La Belgique a exprimé sa préoccupation face aux incidents qui ont émaillé la manifestation organisée vendredi dans la capitale congolaise.

Dans un message consulté par plusieurs médias, Maxime Prévot, vice-Premier ministre et ministre belge des Affaires étrangères, a condamné les débordements violents observés lors de cette mobilisation politique.

« Les débordements violents, l’usage excessif de la violence qui aurait entraîné jusqu’à la perte de vies humaines et le saccage de sièges de parti n’ont pas leur place en démocratie », a déclaré le chef de la diplomatie belge.

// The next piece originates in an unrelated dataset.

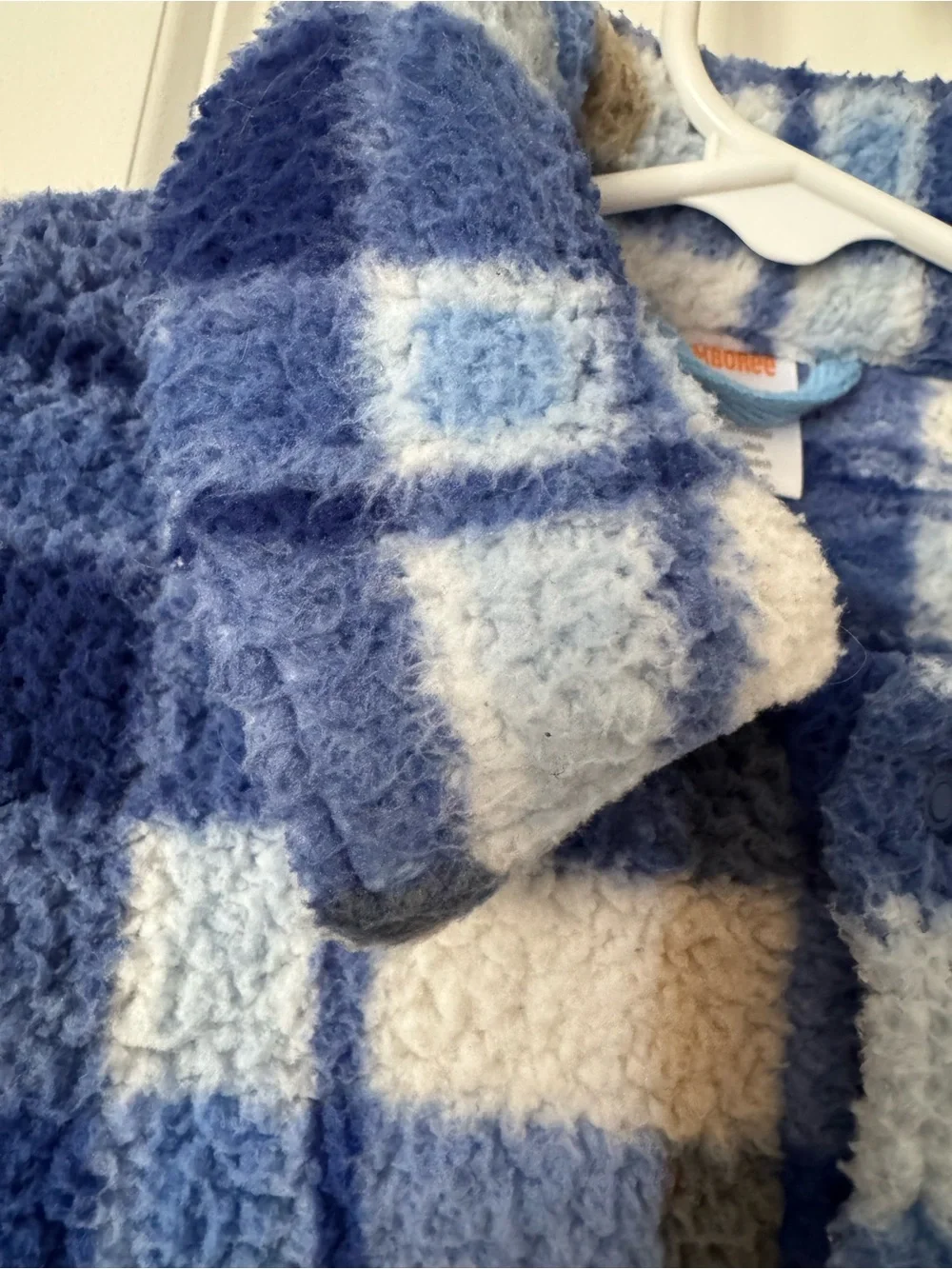 Gymboree blue plaid oversized jacket, 3T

Il a rappelé que la liberté de manifester pacifiquement demeure un droit fondamental qui doit s’exercer dans le respect des lois de la République.

Le responsable belge a également indiqué que son pays prenait acte « avec satisfaction » de l’annonce faite par le gouvernement congolais concernant l’ouverture d’une enquête sur les incidents. Selon lui, cette démarche devrait permettre d’établir de manière objective le déroulement des faits et d’identifier les auteurs des violences, quelle que soit leur appartenance.

Ces déclarations interviennent dans un contexte politique marqué par des tensions croissantes entre le pouvoir et une partie de l’opposition, qui réclame davantage de garanties sur l’espace démocratique et l’organisation de la vie politique dans le pays.

L’enquête annoncée est désormais attendue comme un test de crédibilité pour les institutions chargées de faire la lumière sur ces événements. Les conclusions qui en découleront pourraient contribuer à apaiser le climat politique et à prévenir de nouveaux affrontements dans les semaines à venir.

Selon les statistiques des organisations de défense des droits humains et des observateurs de la société civile, plusieurs manifestations politiques ont déjà été marquées ces dernières années par des affrontements et des actes de violence à Kinshasa, soulignant la nécessité de renforcer les mécanismes de prévention et de protection des libertés publiques.